Say how many lines in the data below contain the word "Jacket", and give no other text.

:: EXTRACTED MATERIAL

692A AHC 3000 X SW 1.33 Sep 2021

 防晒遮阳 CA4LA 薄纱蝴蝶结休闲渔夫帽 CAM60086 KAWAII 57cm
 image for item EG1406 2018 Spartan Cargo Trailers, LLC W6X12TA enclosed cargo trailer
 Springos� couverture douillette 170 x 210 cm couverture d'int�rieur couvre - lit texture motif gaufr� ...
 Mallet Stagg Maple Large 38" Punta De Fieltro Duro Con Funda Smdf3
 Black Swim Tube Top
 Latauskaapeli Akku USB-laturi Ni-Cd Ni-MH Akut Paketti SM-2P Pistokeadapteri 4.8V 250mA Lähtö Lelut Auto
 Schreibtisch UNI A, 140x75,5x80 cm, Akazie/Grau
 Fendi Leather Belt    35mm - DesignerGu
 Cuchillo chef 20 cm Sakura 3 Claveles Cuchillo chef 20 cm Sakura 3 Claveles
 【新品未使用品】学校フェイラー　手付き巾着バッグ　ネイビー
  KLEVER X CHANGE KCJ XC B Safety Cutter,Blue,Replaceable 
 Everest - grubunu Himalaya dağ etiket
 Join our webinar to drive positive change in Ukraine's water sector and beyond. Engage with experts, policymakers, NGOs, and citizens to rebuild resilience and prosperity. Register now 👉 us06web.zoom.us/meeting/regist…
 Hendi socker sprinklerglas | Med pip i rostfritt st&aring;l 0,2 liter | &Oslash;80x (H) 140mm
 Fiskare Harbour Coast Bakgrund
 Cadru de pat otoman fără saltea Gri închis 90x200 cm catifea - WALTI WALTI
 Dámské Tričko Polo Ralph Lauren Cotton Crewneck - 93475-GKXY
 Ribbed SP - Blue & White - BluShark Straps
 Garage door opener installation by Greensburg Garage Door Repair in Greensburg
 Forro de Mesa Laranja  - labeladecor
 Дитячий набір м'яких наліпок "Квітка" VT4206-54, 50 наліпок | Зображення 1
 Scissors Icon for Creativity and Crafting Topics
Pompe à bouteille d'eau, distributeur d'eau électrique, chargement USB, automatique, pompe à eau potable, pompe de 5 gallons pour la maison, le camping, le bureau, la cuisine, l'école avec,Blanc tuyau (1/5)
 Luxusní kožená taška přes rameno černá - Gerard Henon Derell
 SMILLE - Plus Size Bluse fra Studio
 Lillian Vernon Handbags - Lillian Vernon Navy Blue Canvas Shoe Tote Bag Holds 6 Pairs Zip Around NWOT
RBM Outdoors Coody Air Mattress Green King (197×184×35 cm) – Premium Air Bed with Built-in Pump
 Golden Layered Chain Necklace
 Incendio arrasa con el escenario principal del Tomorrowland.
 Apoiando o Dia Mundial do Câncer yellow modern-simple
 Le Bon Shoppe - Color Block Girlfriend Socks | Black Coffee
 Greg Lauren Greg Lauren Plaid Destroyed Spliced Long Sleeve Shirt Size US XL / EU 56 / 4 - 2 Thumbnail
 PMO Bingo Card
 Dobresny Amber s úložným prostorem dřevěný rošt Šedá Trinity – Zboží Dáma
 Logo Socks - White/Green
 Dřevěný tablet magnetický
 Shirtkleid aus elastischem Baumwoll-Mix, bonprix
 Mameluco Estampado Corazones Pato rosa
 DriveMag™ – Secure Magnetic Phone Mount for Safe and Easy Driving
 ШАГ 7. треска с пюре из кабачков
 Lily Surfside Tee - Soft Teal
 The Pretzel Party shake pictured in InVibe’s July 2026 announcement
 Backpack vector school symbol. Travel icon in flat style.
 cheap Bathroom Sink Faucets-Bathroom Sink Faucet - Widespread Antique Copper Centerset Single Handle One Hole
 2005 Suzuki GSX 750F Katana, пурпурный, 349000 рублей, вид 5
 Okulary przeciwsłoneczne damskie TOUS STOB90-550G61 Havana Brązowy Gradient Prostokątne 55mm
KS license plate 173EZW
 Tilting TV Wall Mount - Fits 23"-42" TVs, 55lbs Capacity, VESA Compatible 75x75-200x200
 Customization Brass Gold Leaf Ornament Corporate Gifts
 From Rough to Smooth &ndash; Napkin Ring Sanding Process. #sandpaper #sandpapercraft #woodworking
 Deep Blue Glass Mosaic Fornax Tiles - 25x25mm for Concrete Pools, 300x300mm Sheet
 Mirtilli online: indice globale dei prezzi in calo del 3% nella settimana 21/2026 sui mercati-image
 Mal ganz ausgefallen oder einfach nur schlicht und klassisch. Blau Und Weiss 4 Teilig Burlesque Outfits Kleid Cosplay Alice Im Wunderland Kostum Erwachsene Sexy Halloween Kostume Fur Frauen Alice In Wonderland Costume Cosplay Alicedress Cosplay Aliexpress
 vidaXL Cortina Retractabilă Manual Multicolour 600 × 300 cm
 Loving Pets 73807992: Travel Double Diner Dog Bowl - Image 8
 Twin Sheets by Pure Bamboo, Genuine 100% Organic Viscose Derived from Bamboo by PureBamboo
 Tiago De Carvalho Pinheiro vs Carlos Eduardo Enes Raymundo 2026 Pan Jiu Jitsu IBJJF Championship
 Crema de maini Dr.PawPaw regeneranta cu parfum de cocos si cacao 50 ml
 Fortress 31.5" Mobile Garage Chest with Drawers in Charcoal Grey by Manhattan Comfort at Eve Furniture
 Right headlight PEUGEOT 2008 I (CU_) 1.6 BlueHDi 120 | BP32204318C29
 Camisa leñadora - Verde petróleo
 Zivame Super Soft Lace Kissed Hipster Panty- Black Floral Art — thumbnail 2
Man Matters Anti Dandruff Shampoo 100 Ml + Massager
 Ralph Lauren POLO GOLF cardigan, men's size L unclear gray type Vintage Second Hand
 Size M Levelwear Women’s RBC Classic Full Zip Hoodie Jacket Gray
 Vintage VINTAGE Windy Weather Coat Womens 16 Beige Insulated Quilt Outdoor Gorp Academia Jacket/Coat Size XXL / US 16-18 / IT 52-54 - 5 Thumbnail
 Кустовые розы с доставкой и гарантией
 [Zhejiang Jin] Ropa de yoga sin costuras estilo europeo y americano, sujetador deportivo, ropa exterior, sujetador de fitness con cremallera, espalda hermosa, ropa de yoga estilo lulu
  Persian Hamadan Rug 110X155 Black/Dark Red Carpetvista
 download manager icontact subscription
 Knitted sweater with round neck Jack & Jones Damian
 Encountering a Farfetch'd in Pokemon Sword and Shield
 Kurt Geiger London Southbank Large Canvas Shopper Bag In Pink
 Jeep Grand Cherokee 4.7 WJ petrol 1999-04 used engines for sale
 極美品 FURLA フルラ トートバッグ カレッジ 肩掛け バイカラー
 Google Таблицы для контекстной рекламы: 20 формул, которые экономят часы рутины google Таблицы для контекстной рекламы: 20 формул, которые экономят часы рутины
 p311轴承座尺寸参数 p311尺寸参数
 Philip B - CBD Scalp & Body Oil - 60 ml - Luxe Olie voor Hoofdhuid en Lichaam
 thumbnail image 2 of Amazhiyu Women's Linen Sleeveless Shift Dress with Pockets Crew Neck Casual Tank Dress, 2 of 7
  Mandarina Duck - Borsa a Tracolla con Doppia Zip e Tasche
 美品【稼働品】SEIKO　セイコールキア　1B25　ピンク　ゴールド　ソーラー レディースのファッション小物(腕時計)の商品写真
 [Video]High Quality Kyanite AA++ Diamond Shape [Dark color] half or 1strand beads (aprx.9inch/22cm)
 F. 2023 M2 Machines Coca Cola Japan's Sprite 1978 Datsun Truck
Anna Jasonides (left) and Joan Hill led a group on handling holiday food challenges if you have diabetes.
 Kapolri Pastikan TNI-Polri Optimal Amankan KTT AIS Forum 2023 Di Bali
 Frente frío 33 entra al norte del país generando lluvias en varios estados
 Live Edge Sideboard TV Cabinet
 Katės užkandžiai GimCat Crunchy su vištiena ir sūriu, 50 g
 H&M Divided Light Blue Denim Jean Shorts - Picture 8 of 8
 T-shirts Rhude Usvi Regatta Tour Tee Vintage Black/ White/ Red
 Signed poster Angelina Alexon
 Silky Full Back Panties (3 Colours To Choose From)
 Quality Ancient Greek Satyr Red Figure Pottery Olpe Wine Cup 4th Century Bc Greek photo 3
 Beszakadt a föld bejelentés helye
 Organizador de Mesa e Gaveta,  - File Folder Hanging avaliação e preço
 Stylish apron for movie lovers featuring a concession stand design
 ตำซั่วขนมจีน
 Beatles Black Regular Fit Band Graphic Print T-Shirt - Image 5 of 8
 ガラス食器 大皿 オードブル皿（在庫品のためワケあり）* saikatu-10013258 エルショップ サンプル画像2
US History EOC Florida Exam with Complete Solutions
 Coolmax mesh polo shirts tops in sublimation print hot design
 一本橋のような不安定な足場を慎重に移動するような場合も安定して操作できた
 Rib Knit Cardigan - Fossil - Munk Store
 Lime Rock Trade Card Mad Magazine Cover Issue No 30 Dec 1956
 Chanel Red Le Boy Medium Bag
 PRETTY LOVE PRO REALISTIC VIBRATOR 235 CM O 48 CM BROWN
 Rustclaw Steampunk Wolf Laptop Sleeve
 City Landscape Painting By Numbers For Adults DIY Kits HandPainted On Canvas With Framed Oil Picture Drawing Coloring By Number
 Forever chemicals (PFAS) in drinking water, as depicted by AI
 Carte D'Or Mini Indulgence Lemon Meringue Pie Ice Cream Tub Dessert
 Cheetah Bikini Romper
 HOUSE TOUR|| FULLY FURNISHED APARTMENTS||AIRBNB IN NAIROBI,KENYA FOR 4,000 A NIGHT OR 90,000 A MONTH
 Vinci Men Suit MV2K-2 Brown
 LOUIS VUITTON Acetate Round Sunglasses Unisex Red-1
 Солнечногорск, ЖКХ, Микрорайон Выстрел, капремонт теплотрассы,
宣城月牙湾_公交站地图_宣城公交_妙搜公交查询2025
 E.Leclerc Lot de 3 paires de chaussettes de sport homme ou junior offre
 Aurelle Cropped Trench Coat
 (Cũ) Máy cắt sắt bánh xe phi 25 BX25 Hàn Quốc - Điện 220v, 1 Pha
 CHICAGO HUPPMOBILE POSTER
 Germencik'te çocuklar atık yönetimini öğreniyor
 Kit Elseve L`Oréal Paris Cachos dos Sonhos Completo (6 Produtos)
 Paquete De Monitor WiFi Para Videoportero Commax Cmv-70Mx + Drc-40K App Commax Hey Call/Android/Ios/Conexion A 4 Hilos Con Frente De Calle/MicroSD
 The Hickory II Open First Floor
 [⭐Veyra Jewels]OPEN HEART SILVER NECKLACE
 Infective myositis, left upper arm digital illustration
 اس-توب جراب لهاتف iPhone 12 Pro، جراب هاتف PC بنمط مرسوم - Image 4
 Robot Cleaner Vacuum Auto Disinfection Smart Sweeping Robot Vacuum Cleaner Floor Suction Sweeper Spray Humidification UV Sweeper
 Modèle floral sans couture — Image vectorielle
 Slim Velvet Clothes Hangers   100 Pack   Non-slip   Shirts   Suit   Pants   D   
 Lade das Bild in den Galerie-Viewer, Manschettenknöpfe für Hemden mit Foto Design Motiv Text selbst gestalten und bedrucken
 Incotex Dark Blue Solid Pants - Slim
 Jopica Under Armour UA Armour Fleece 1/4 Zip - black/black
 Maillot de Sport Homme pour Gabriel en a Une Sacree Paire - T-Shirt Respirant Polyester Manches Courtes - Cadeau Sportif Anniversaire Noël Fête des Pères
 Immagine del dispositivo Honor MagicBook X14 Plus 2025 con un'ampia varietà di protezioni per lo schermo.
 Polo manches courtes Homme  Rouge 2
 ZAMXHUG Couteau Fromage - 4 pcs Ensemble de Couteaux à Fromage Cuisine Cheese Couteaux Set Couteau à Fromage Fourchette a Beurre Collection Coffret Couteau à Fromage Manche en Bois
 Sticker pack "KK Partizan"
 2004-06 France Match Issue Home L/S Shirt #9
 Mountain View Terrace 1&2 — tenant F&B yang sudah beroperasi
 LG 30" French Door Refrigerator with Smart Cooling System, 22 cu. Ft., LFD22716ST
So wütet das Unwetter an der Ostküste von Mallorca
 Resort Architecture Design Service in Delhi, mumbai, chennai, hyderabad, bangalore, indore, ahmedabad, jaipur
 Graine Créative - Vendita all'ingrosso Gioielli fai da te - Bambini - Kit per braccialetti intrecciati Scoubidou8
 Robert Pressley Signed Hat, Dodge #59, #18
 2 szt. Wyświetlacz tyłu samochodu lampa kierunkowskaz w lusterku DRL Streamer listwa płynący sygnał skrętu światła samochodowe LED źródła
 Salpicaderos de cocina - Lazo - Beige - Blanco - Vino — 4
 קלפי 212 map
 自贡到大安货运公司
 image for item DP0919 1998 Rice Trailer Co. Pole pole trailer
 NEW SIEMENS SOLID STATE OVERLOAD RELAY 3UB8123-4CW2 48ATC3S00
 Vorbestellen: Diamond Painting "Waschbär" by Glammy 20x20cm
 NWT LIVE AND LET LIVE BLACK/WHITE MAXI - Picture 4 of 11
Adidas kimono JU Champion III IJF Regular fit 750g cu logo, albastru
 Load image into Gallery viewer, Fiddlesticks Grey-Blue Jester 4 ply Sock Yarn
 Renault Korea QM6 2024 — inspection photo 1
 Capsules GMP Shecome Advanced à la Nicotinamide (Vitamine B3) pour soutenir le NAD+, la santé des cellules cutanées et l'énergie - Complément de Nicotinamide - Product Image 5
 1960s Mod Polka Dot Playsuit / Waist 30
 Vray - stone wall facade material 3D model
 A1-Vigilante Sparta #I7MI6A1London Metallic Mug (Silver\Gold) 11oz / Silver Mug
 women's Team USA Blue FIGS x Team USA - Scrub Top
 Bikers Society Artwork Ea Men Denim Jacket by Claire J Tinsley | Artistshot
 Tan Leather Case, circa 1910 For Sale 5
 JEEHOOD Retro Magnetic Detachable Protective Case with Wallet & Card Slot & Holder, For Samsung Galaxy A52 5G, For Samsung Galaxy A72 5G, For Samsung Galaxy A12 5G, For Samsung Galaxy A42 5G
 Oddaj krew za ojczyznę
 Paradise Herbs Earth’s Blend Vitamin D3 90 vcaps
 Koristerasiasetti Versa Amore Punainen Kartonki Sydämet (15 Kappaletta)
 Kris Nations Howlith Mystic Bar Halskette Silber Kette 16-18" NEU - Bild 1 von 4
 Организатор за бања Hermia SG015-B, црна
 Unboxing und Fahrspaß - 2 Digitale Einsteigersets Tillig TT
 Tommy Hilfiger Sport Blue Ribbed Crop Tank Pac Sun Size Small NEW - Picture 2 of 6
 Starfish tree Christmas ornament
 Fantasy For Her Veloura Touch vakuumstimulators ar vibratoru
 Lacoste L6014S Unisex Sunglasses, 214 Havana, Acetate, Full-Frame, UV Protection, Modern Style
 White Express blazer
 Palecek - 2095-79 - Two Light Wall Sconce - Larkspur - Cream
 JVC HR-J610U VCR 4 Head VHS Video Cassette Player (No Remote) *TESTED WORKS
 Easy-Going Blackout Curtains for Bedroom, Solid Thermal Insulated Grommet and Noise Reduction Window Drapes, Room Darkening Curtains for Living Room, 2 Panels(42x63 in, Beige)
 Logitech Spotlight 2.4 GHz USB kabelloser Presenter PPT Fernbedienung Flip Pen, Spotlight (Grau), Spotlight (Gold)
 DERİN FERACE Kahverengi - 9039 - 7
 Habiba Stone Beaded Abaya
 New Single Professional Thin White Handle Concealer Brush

::::

• SOLUTION TO THIS EXERCISE:
3